The 40-year-old lawyer’s surprise win in Hawaii’s special House election in May was widely seen as a fluke: a Republican in a heavily liberal district who won with 39 percent of the vote after feuding Democrats refused to settle on a single candidate and split their vote.
Experts confidently predicted that in November, the seat in the Honolulu-based 1st Congressional District — the childhood home of President Obama — would flip back to the blue column, offering Democrats a chance for a rare pickup in a bleak midterm landscape.
But five months later, the rookie Republican congressman is hanging tough, locked in a virtual dead heat with the Democratic state lawmaker Colleen Hanabusa, one of the Democrats he defeated last spring.
In a Public Policy Poll commissioned by the liberal website Daily Kos released this week, Mr. Djou drew 47 percent versus 48 percent for Mrs. Hanabusa, whose website currently features prominently the endorsement she received last week from Mr. Obama. The poll showed 5 percent undecided and a margin of error of nearly 4 percentage points.
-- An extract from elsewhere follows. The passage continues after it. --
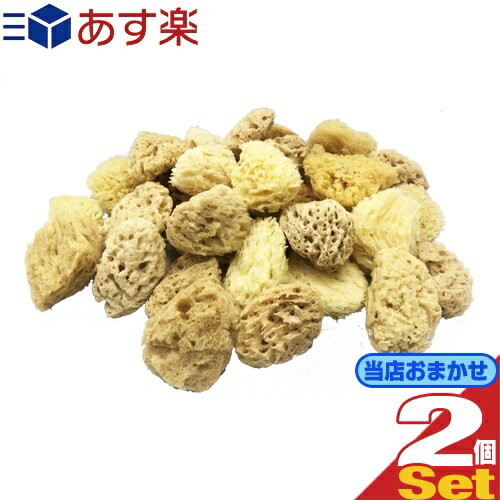 商品詳細 商品名 ハニカム 天然海綿スポンジ (NATURAL SEASPONGE) サイズ 縦横:約6〜7cm 厚み:約2cm 商品説明 ● 柔らかく肌ざわりの優しい海綿スポンジです。 ● なめらかで優しい肌ざわりで、泡立ちもよく、毛穴の汚れもしっかり落とします。 ● お肌の弱い方にもお使いいただけます。 ● 洗顔やファンデーション用に、使いやすい大きさに切ってお使いいただけます。 ※天然素材使用のため、大きさ・形・色にはばらつきがあります。 メーカー ユタカ株式会社 広告文責 一歩株式会社 03-6909-7699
“It’s definitely problematic 28 days out for the Democrats in a state where they’re supposed to have a pretty strong hold,” Dylan Nonaka of the Hawaii Republican Party told Honolulu television station KHON on Tuesday.
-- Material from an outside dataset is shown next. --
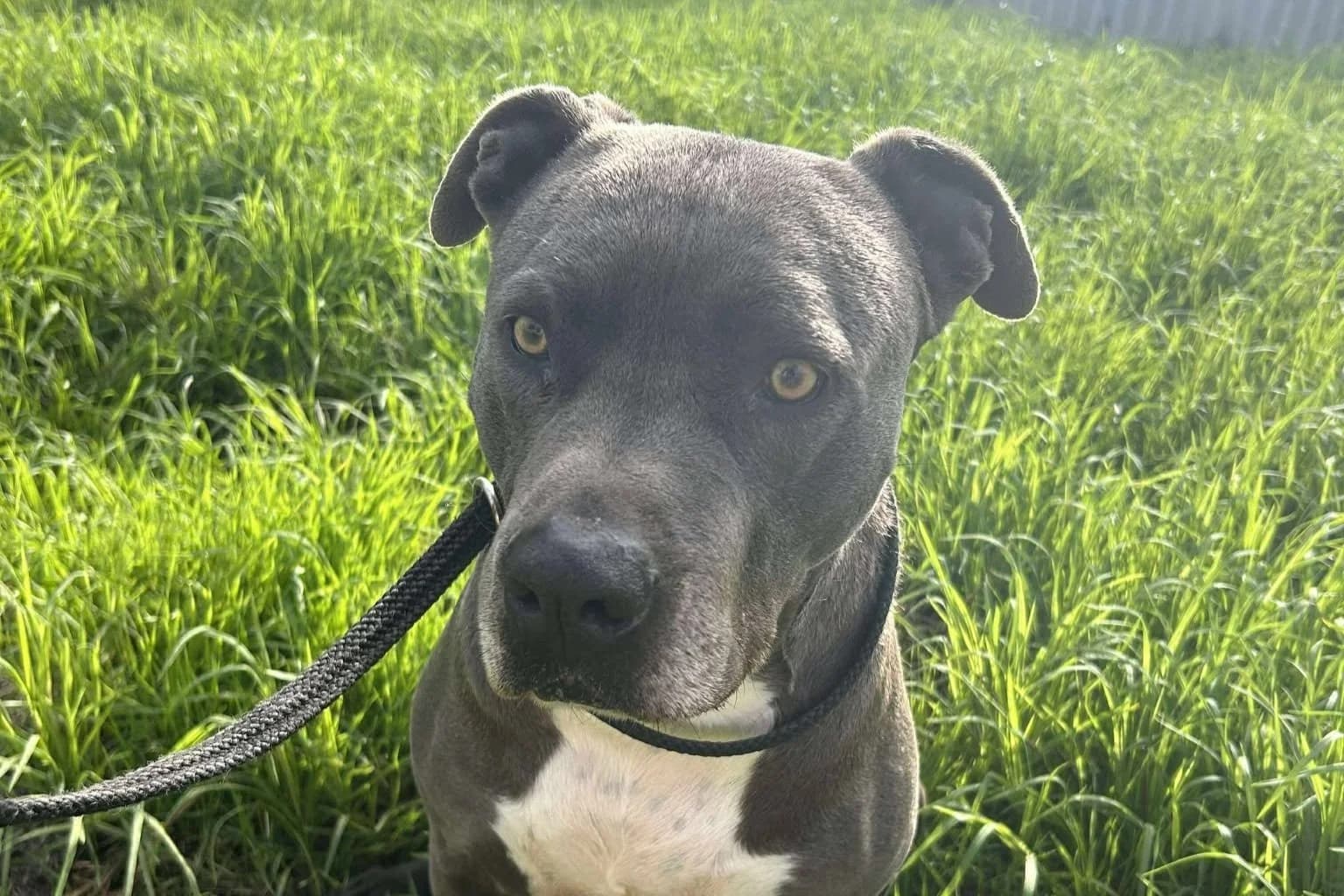 Jay - American Staffy (Blue) available for adoption in Sydney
The Rothenberg Political Report in an analysis of the race late last month warned Democrats against overconfidence.
“There is little evidence that voters are willing to throw Djou out of office after only a couple months on the job,” the nonpartisan political publication noted. “… This race is not over, and Djou may even have the advantage.”
And Mr. Djou isn’t the only Republican surprise in a state that the president won with more than 70 percent of the vote in 2008.
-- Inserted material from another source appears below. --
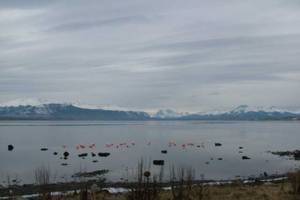 Puerto Natales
In the governor’s race, the same Daily Kos poll found that GOP candidate Duke Aiona, the state’s lieutenant governor, has erased what was once a double-digit gap with Neil Abercrombie — the Democrat who earlier this year resigned the House seat Mr. Djou now holds to run for governor.
Mr. Aiona is hoping to take over for the current GOP governor, the term-limited Linda Lingle.
The races on paper were not supposed to be competitive. Democrats have held the House seat for all but four years since it was first carved out in 1971, including 11 terms for Mr. Abercrombie before he quit. Before Mrs. Lingle was elected in 2002, Democrats had held the governorship for 40 years.
The candidates said the latest poll numbers would have no impact on their campaigns.
“Forget about these polls,” Mr. Aiona told KHON. “It doesn’t matter. What matters is the ideas that we have. I don’t care if it’s 20 points the other way, you should be excited.”
Mr. Abercrombie said, “We’ve learned a long time ago that the only poll that matters is on Election Day.”
In a sign national Democrats are not taking the races for granted, Mrs. Hanabusa is also getting a boost this week from Washington’s Democratic Congressional Campaign Committee, the national party committee charged with helping Democratic House candidates. The DCCC is running a new negative ad that accuses Mr. Djou of voting against federal funds for Hawaii schools and teachers.
The ad has been called “an absolute smear campaign” by Hawaiian GOP officials. Mr. Djou, in an interview with the Honolulu Star-Advertiser, defended his vote against the $26 billion package of aid to state governments passed this summer, saying it was unfair to ask Hawaii to “bail out” less fiscally responsible states.
Mr. Djou’s bid, like a number of Republican campaigns over the past year, is getting a jolt of activism and energy from the anti-spending “tea party” movement.
The one-time Honolulu city councilman and former state lawmaker earned tea party support last spring, but since then Mr. Djou has de-emphasized his connections to the movement.
But his latest ad airing this week takes up a favorite tea party theme, accusing his opponent of underestimating the scope of wasteful government spending. Mrs. Hanabusa’s campaign immediately cried foul, claiming the snippet of film quoting her in the ad was taken out of context.
But reflecting the makeup of his district, Mr. Djou has taken a more moderate line of President Obama’s health care overhaul law. He told voters that he favors repeal of the law, but added that repeal was not “realistic” in the short term and that he, instead, would work to amend some of its major provisions.